Heim, suffering from bad health during the two months he spent almost entirely on camel back, was convinced that oil exploration efforts in these areas were bound to fail (though he specified that the last word remained to be spoken on the issue). His focus on the search for water, however, was highly successful, and shortly after his departure, the first springs produced fresh water based on the recommendations of Heim.

Swiss geologists were, however, to play a dominant role in the oil exploration and production of Iran after the creation of the Iranian National Oil Company in 1949, and the departure of the Anglo-Iranian Oil Company, which had produced oil in the south of the country since 1933. The Swiss geologists were specifically called in by Iran because they were looking for citizens from neutral countries to join their newly-formed state oil company.

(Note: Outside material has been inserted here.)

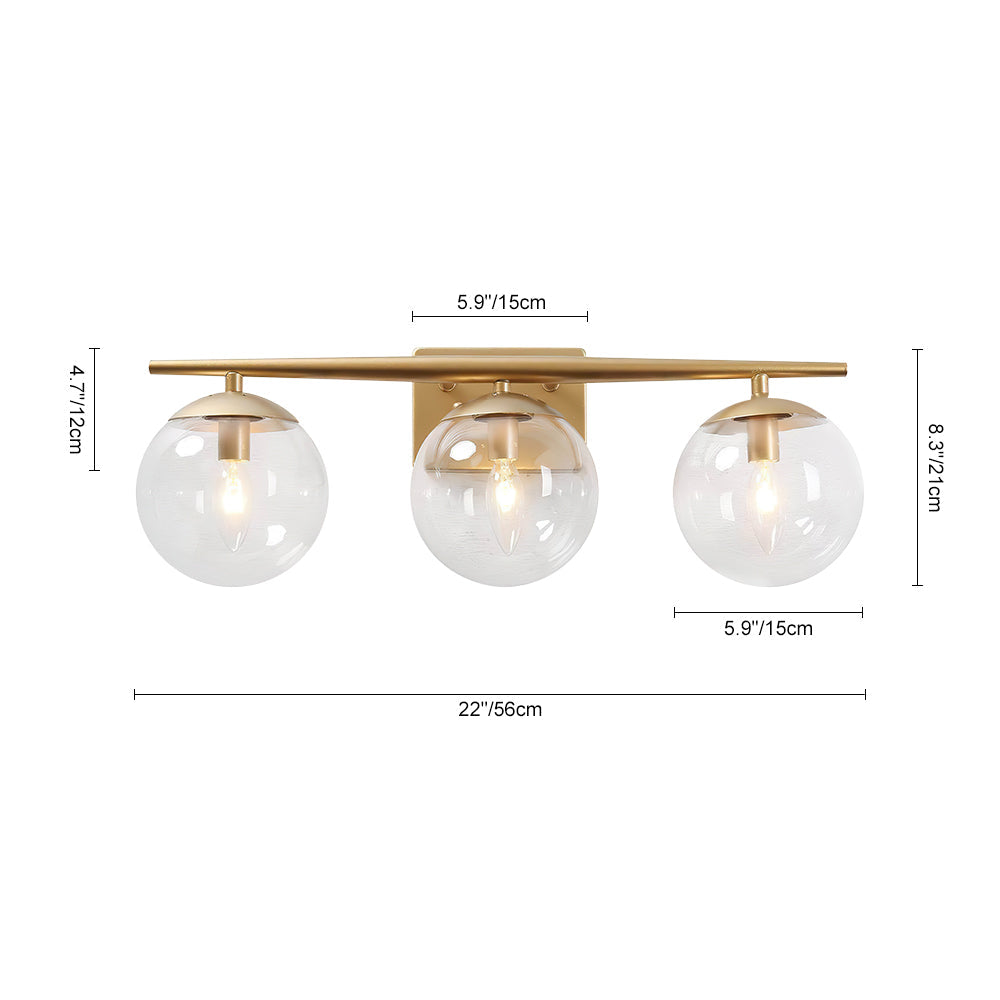Minimalistische 3-licht gouden dimbare kaptafelverlichting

The first to be invited was again Arnold Heim, who as chief geologist was asked to form a top-quality team made up almost entirely of Swiss geologists, amongst whom were Jovan Stöcklin (1921-2008) and Augusto Gansser (1910-2012). It was the latter who was, as Heim’s successor, chief geologist for INOC at the time of the spectacular Qom wildcat blowout (Alborz-5 well), the largest ever recorded blowout at rates of 120,000 BOPD, after the drill string had, for the first time ever, been able to penetrate the Miocene salt to reach the objective marine Qom limestones.

At the time, Heim had already returned to Switzerland, weakened by sickness and age. However, there too he remained active, insisting on the hydrocarbon potential in his native Switzerland. Based on the relative abundance of oil seepages (both in the Molasse basin and in the Jura Mountains), many Swiss geologists in the early days of oil exploration rated the chance of finding hydrocarbons in Switzerland in commercial quantities as good. Arnold Heim was the first, however, to map Switzerland systematically for its oil potential, and he remained throughout his life convinced that Switzerland had the potential to at least become self-sufficient in terms of hydrocarbon supply.

Indeed, both Germany and Austria have encountered success in the Molasse basin adjacent north of the Alps, but in Switzerland success has somehow been elusive. This notwithstanding, many geologists today, like Heim, think that the last word on the hydrocarbon potential of Switzerland may not have been spoken. New insights have come through modern seismic carried out in the context of searching for safe storage sites for nuclear waste, and there is new interest in the potential for shale gas or even shale oil from the Toarcian Posidonia shale.